Philip Gerard was an open spirit who fully understood what it meant to be a Chautauquan.
“He really did embrace the idea of the four pillars,” said his wife Jill Gerard. “He is a very talented musician, he did sketching and painting and (was) a really fine writer and teacher.”
To commemorate, cherish and celebrate Philip, 67, who died on Nov. 7, 2022, Chautauqua Literary Arts held a memorial for him Friday in the Hall of Philosophy.
Philip had long-lasting contributions to both the Writers’ Center and the Chautauqua literary journal. He also planned, established and created the MFA program at University of North Carolina, Wilmington, where he was a professor.
Born in Wilmington, Delaware, on April 7, 1955, he is survived by Jill, his children Ashley and Patrick Leahman, and his Aussie, Daisy.
“Today we remember Philip Gerard’s work both here in the Institution, but also as a human being,” Sony Ton-Aime, the Michael I. Rudell Director of Literary Arts, told those gathered. “Thank you to his family, for allowing him to spend his time here to meet with each one of you and witness his quest, his intellect and his humanity.”
Calling itself the “portable Chautauqua season between covers,” Chautauqua, the literary journal, features sections loosely reflecting each of the nine summer weeks with graduate and undergraduate students in the Department of Creative Writing at UNCW working as members of the editorial team.
Always readily making sure the journal “stood on a firm footing,” Jill said she handled administrative tasks while Philip was the “people person.”
During summers on the grounds, Philip always took opportunities for lifelong learning.
“Philip was the better Chautauquan because he never missed a lecture,” Jill said. “I would say, ‘OK, maybe I’ll meet you. I’m going to grab coffee.’ And I would always be somewhere else outside or getting the recap from him.”
Philip was always the person to take care of others before himself, Jill said. Once, he even stayed to teach at the Writers’ Center after hearing news of his father’s admittance to hospice care.
“He felt obligated to make sure the students were taken care of and that’s who he was,” Jill said. “He was just a really kind and good-hearted person who’s always trying to lift the other people up.”

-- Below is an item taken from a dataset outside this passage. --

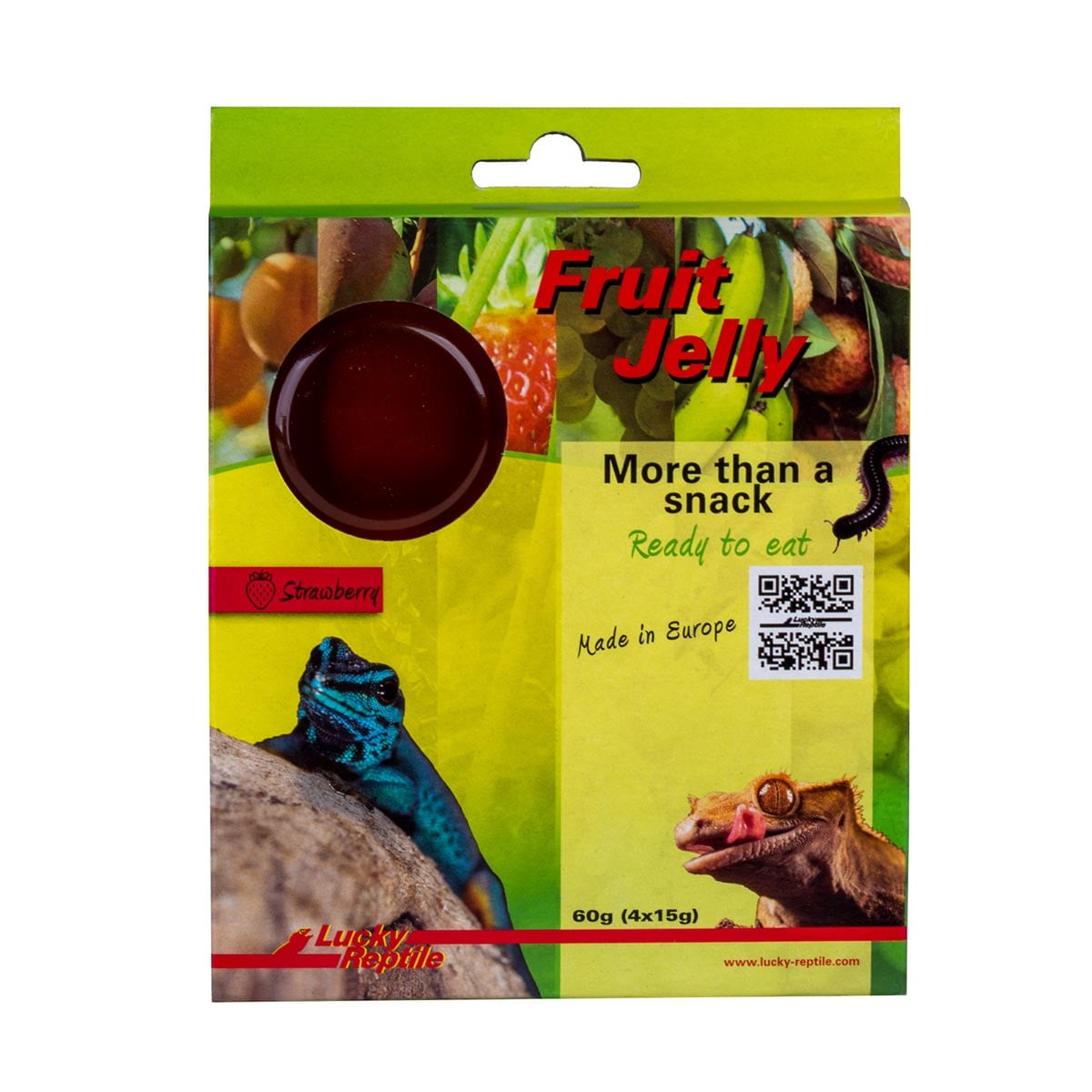 Lucky Reptile Fruit Jelly Strawberry 4x15 g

During the memorial, Joe Mackall, a friend of both Philip and Jill for over 20 years, said he and Philip would compare notes on teaching in the Writers’ Center.
“Every student I’ve ever talked to, students who had us both, tell me to my face (that) Philip’s a much better teacher,” Joe said. “There’s nothing I can say except, ‘I know.’ ”
Philip had a deep love for his family and people noticed. Joe said Philip’s presence was a force that was felt in the room when he entered, even though he was also a keen observer.
“After (going on an) adventure, I love going somewhere quiet and just listening to the world,” Philip said once to Joe.
Diane Hume George, who previously served as a co-director of the pre-season Chautauqua Writers’ Festival, recalled interrupting Philip and Jill’s wedding preparations about 15 years ago to ask them if they would co-edit the literary journal.
“Now, it would have been decent to let them go get married, go on their honeymoon and come back,” Diane said. “But the board was in a hurry to know whether this was going to work or not, and Philip and Jill collectively said, ‘Yes.’ ”
For years after, Philip would remind Diane of the timing of her request, leaning over to her and rasping a la Marlon Brando in “The Godfather” to say: “You come to me on the day of my wedding and you asked me to edit a journal.”
Philip had an optimistic outlook on life, but didn’t shy away from addressing tough topics in his writing such as war, loss, violence and racism.
“(Philip) was unafraid to confront the forces of true evil inside the covers of several of his books,” Diane said. “But he remained at heart, an inveterate optimist. I don’t know how he did that.”
Rather than address those gathered, Diane spoke directly to Philip at the memorial.
“You, Philip, are still here — whatever that means,” Diane said. Because of his work as a mentor, his legacy lives on, “replaying in the lives of hundreds of fellow writers, maybe thousands.”
Georgia Court, a friend and longtime fixture in the literary arts community, dedicated a poem to Philip. He and Jill were the first guests she hosted for the literary arts.
“I always remember that (first) dinner and how lovely Jill was, always bubbly and vivacious and charming,” Georgia said. “And how wonderful and kind Philip was. I have enjoyed knowing them (so much) over the years.”
Friend and coworker Leslie Rubinkowski said Philip had a “gift for building gorgeous stories.”
Whether discussing deep fears and safe truths, joking over a beer, or helping students who may have struggled with a project, she said Philip was “every kind of friend.”
“He is such a good teacher,” Leslie said. “Part of my life’s work now feels like I’m telling the story of my friend about the large moments and the small to anyone who wants to feel.”
Knowing that he is gone, but never forgotten, Jill said she’s still learning how to move forward.
“It’s very strange to be here without him,” she said earlier in the day before the memorial. “I don’t know how to keep doing all the things that we did without him, but I will.”